Gardien du dromadaire

 

Les enfants de SHIVA

Peuple pasteur du Rajasthan, les Raika puisent leurs racines dans une origine presque mythologique. La tradition raconte que le dieu Shiva, ému par l’appel de la terre aride, façonna le premier chameau pour aider les hommes à traverser le désert du Thar. Mais l’animal, trop fougueux, ne pouvait être guidé que par des êtres choisis. C’est ainsi que naquirent les Raika, investis d’une mission sacrée : devenir les gardiens des dromadaires, médiateurs entre l’homme, l’animal et le divin.

 

En quelques mots

 

une culture en résistance

 

Cette vocation a façonné leur identité. Chaque Raika se considère comme dépositaire d’un savoir ancestral : connaître les plantes médicinales adaptées aux troupeaux, anticiper les cycles des pluies, lire les étoiles pour orienter les transhumances. Le dromadaire n’est pas seulement un moyen de subsistance ; il est au cœur des récits, des chants, des mariages, symbole de force et de fidélité.


Longtemps, la société indienne a reconnu l’importance des Raika. Le dromadaire, « vaisseau du désert », était essentiel au commerce, aux fêtes, aux pèlerinages et aux armées. Les caravanes, les cortèges royaux et les processions religieuses dépendaient de leur savoir-faire.

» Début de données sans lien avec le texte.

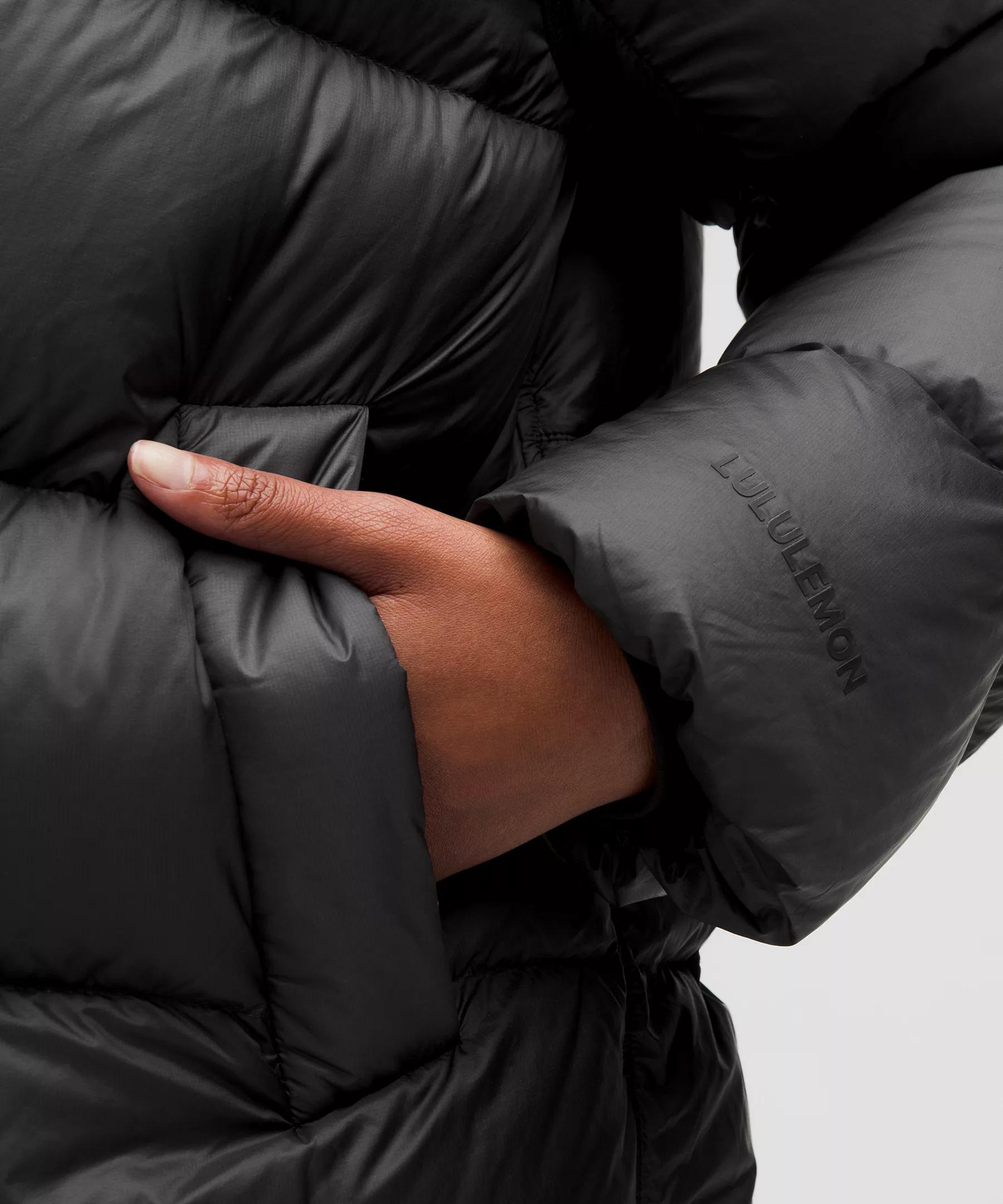 Featherweight 900-Down-Fill Puffer Jacket Product Image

Leur place sociale s’enracinait dans cette fonction indispensable, presque sacrée.


Aujourd’hui, ce monde vacille. La mécanisation, la raréfaction des pâturages et la diminution du rôle du dromadaire dans l’économie moderne fragilisent leur mode de vie. Les jeunes Raika, confrontés à la pression sociale et économique, quittent parfois le pastoralisme pour chercher du travail en ville. Beaucoup de familles peinent à nourrir leurs troupeaux et voient disparaître, peu à peu, le lien vital qui les unit à l’animal.


Photographier les Raika, c’est témoigner d’une culture en résistance, d’un peuple qui continue malgré tout à marcher dans les pas du mythe, tenant la bride des dromadaires comme on tient le fil d’une mémoire millénaire.